## HOW TO COMPLETE THIS TASK:
Everything from the line with "Изображение товара Детская" through the final line of the listing below must be retyped exactly, apart from the pictures.

## EXTRACTED MATERIAL:
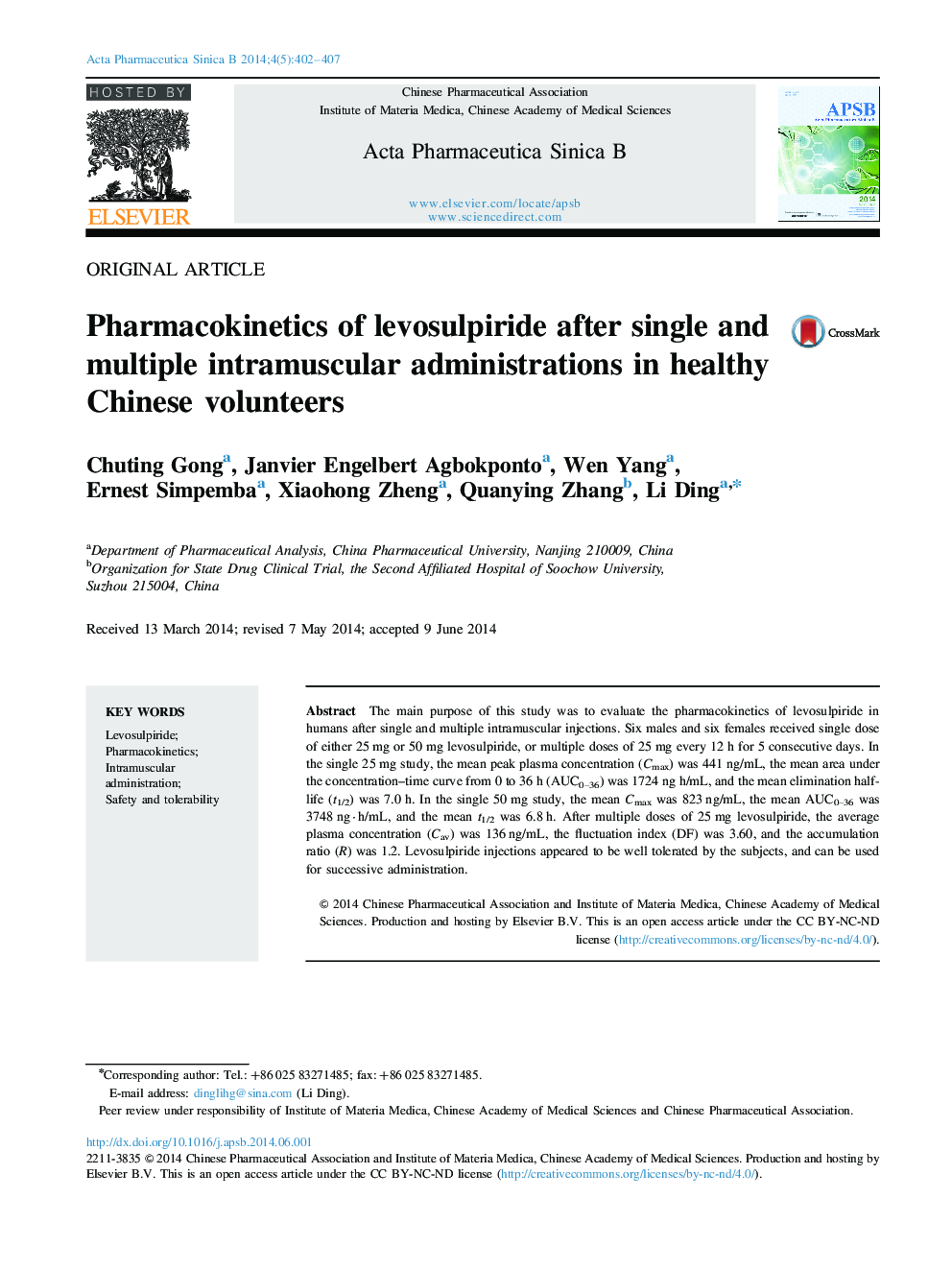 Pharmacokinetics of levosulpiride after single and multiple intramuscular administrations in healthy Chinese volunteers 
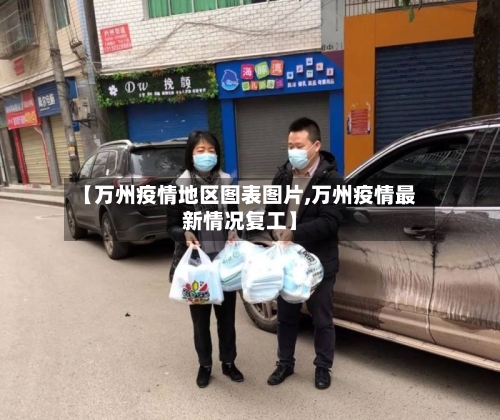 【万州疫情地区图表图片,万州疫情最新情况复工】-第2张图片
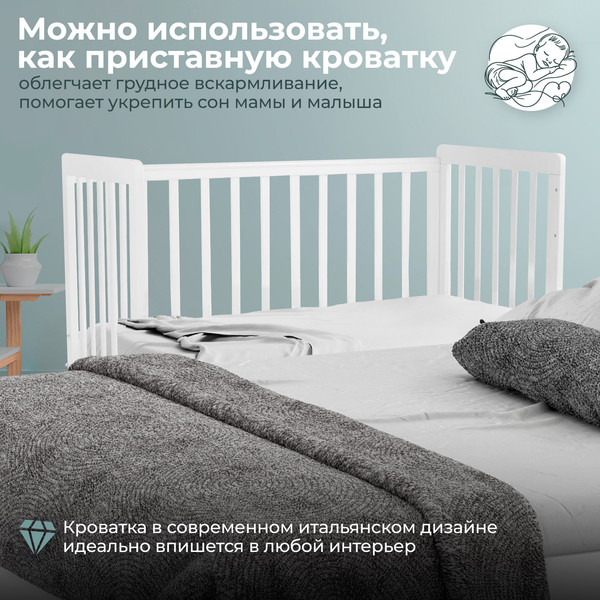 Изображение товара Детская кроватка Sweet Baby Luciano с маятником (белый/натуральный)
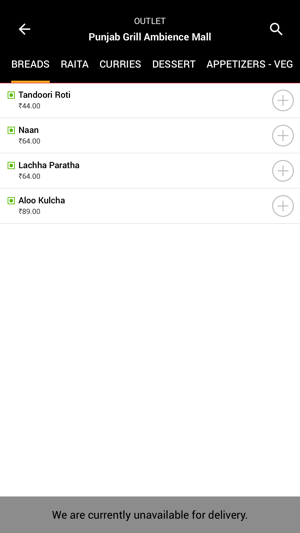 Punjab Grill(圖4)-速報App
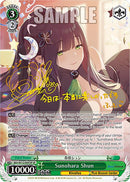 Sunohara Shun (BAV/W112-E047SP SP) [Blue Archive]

## WORKED SOLUTION:
 Изображение товара Детская кроватка Sweet Baby Luciano с маятником (белый/натуральный)
 Punjab Grill(圖4)-速報App
 Sunohara Shun (BAV/W112-E047SP SP) [Blue Archive]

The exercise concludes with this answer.